Dagli studi clinici ed epidemiologici è noto che i vaccini offrono una protezione praticamente completa dalla forma grave della COVID-19 e dalla morte per essa; basti pensare che negli Stati Uniti il 99 percento dei morti attuali si registra tra i non vaccinati. Sussiste comunque un certo rischio di contagio, a maggior ragione innanzi a varianti di preoccupazione particolarmente trasmissibili (come la Delta, ex seconda indiana) o con una certa capacità di eludere gli anticorpi neutralizzanti (come la Beta, ex sudafricana). Secondo gli ultimi dati dell'Istituto Superiore di Sanità la protezione dall'infezione resta comunque molto alta, all'88 percento. Ciò significa che una quota di vaccinati può essere infettata dal coronavirus e svilupparne i sintomi. Secondo un nuovo studio condotto dal gruppo di ricerca Scientific Advisory Group for Emergencies (SAGE) del Regno Unito, che analizza approfonditamente i dati dall'inizio della pandemia, è emerso che la doppia dose di vaccino abbatte del 50 percento il rischio di sviluppare la Long Covid nei vaccinati che sfortunatamente contraggono comunque l'infezione.

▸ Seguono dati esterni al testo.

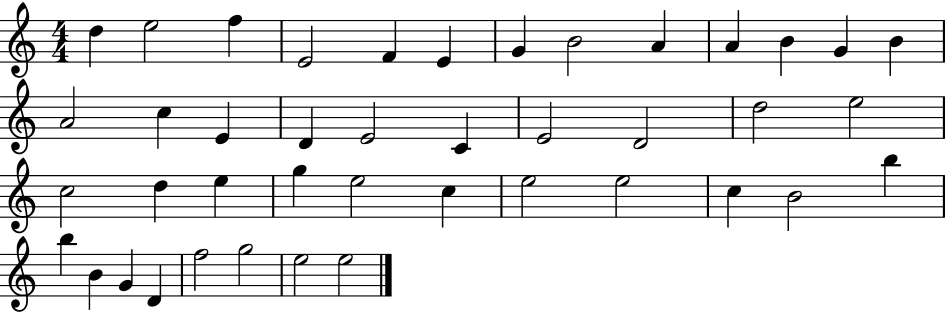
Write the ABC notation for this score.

“In tutte le fasce d'età le probabilità di manifestare i sintomi dell'infezione per più di 28 giorni dopo la vaccinazione è stata approssimativamente dimezzata dalla doppia dose di vaccino”, si legge nel documento Short Report on Long COVID pubblicato nei giorni scorsi dagli scienziati del SAGE. “Dato che gli individui vaccinati hanno un ridotto rischio di infezione in generale, ciò suggerisce che il rischio di Long COVID è sostanzialmente ridotto nei soggetti che hanno ricevuto la doppia vaccinazione”, aggiungono gli esperti britannici. Si tratta di un'ottima notizia, considerando che, in base alle statistiche divulgate dalla professoressa Christina Pagel, docente di ricerca operativa presso lo University College di Londra (UCL), tra il 20 e il 30 percento dei positivi che non necessità di cure ospedaliere sviluppa sintomi della Long Covid che possono protrarsi per mesi.

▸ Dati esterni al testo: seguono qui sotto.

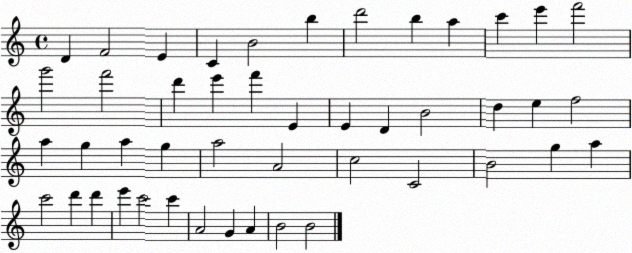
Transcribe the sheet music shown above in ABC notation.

La fascia di età più colpita è quella tra i 35 e i 69 anni, con donne, operatori sanitari, assistenti sociali, persone delle comunità svantaggiate, anziani e soggetti affetti da obesità più esposti al rischio di Long Covid. Basti pensare che sono stati colpiti dalla condizione ben 122mila operatori sanitari del Regno Unito. Considerando che diversi fra coloro che soffrono della condizione non riescono a tornare alle mansioni precedenti o addirittura non tornano proprio a lavoro, si può ben intuire quale possa essere il costo sociale, economico e sanitario della Long Covid. Secondo le statistiche di SAGE, i sintomi a lungo termine che limitano le attività quotidiane sono stati riscontrati nell'1,2 percento dei giovani adulti e nel 4,8 percento degli adulti di mezza età. I sintomi più comuni sono difficoltà respiratorie, disturbi del sonno, affaticamento, dolori muscolari e nebbia cerebrale, ma secondo la dottoressa Pagel ne sono stati evidenziati più di 200. Fortunatamente grazie al vaccino si può abbattere anche questo rischio.